Provided material:
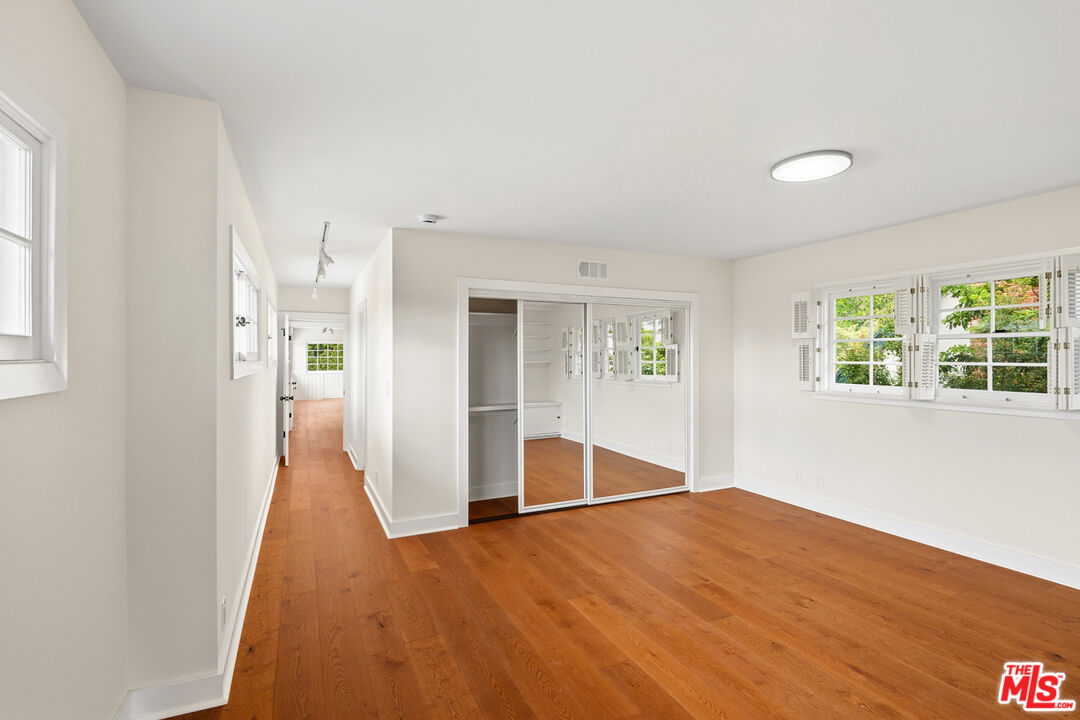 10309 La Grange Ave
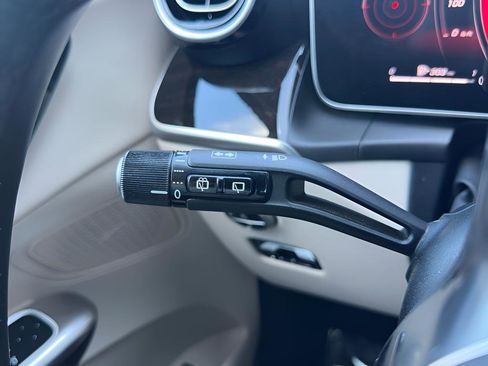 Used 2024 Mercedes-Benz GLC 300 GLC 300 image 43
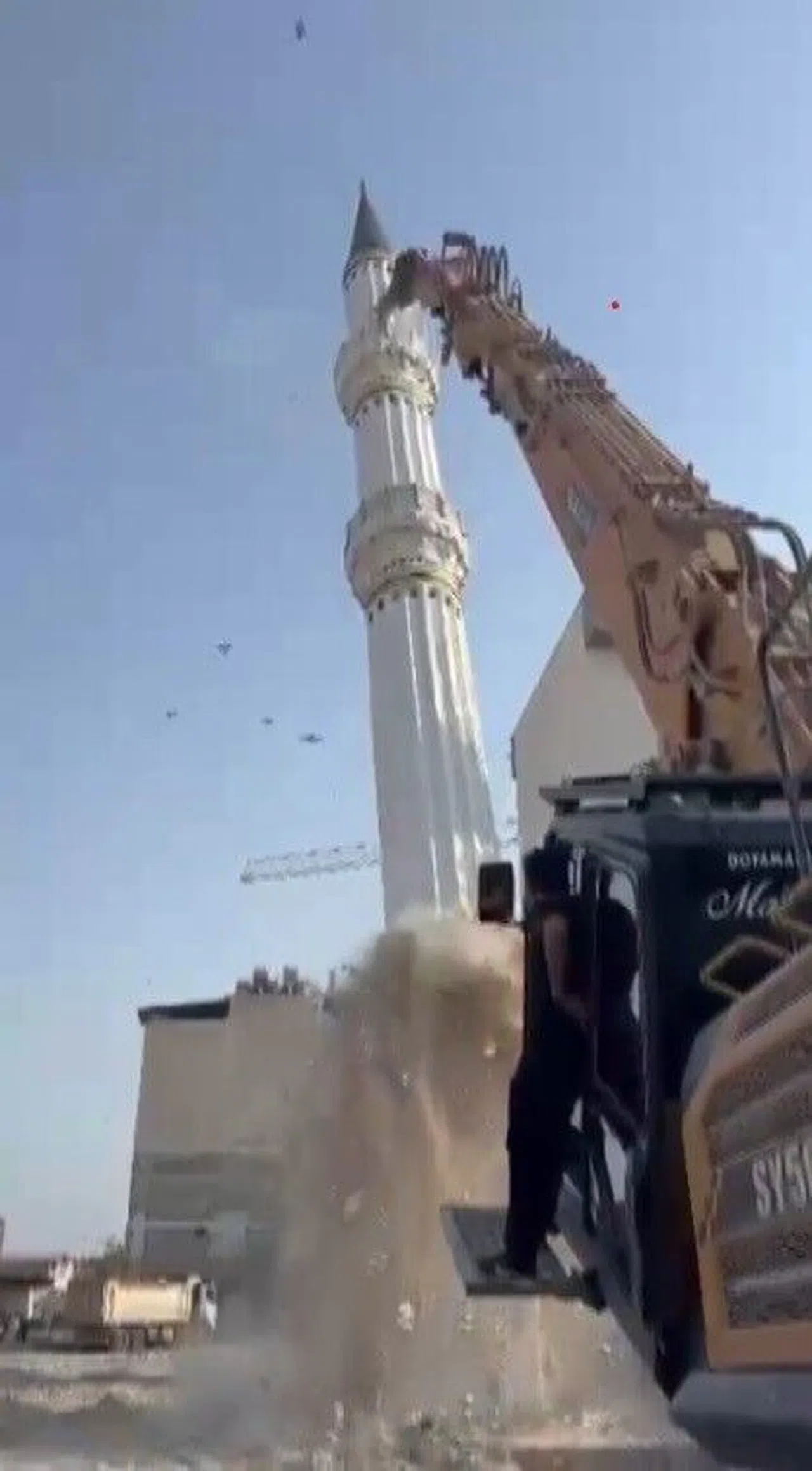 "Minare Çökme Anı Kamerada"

What this task involves: Print the data word for word and omit the pictures.

Answer below:
 10309 La Grange Ave
 Used 2024 Mercedes-Benz GLC 300 GLC 300 image 43
 "Minare Çökme Anı Kamerada"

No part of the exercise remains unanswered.